Sigmoid Linear Unit (also called Swish): x * sigmoid(x). The primary activation in LLaMA feed-forward layers.

swiglu

pub fn swiglu(a: f32, b: f32) f32

SwiGLU gated activation: silu(a) * b. The gating mechanism used in LLaMA feed-forward networks. Takes two inputs -- one passes through SiLU, the other acts as a gate.

geglu

pub fn geglu(a: f32, b: f32) f32

GeGLU gated activation: gelu(a) * b. Variant of SwiGLU using GELU instead of SiLU.

glu

pub fn glu(a: f32, b: f32) f32

Gated Linear Unit: sigmoid(a) * b. The original gating mechanism from Dauphin et al. (2017).

sigmoid

pub fn sigmoid(x: f32) f32

Logistic sigmoid: 1 / (1 + exp(-x)).

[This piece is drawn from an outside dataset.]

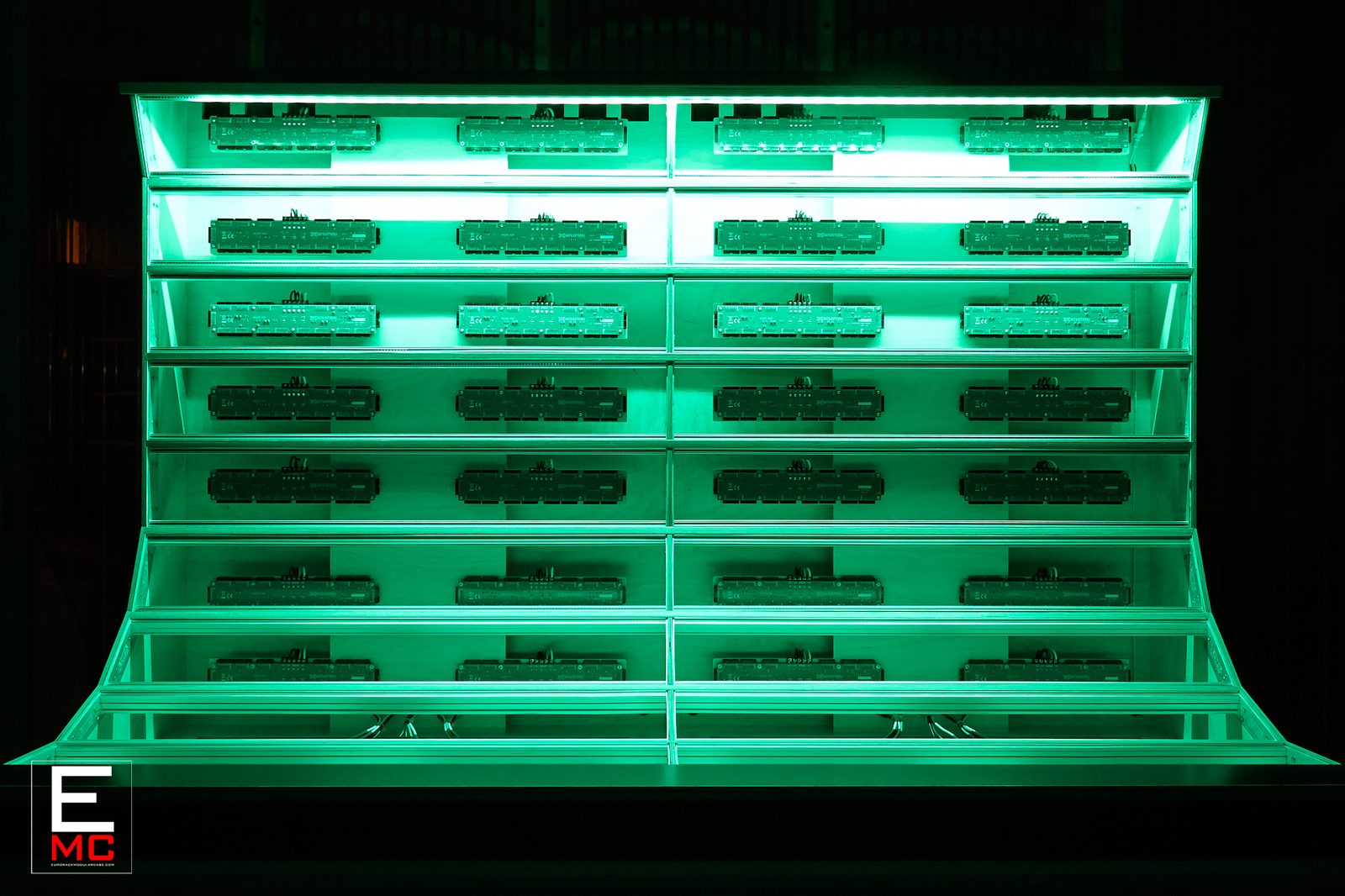 powered eurorack case genus modu libb | Studio Egregia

Maps any real number to the range (0, 1).

tanh_activation

pub fn tanh_activation(x: f32) f32

Hyperbolic tangent: (exp(x) - exp(-x)) / (exp(x) + exp(-x)). Maps to the range (-1, 1). Named tanh_activation to avoid shadowing std.math.tanh.


Error Types

Activation functions are pure scalar operations and do not return errors. Overflow/underflow is handled gracefully -- sigmoid clamps to avoid inf, and gelu uses the tanh approximation for numerical stability.


Usage Example

const act = @import("zigllama").neural_primitives.activations;

// Single-element activations
const x: f32 = -0.5;
const r = act.relu(x);          // 0.0
const s = act.silu(x);          // -0.1881
const g = act.gelu(x);          // -0.1543

// SwiGLU gating (used in LLaMA FFN)
const gate_input: f32 = 1.2;
const up_input: f32 = 0.8;
const result = act.swiglu(gate_input, up_input);

// Apply to a tensor manually
for (tensor.data) |*elem| {
    elem.* = act.silu(elem.*);
}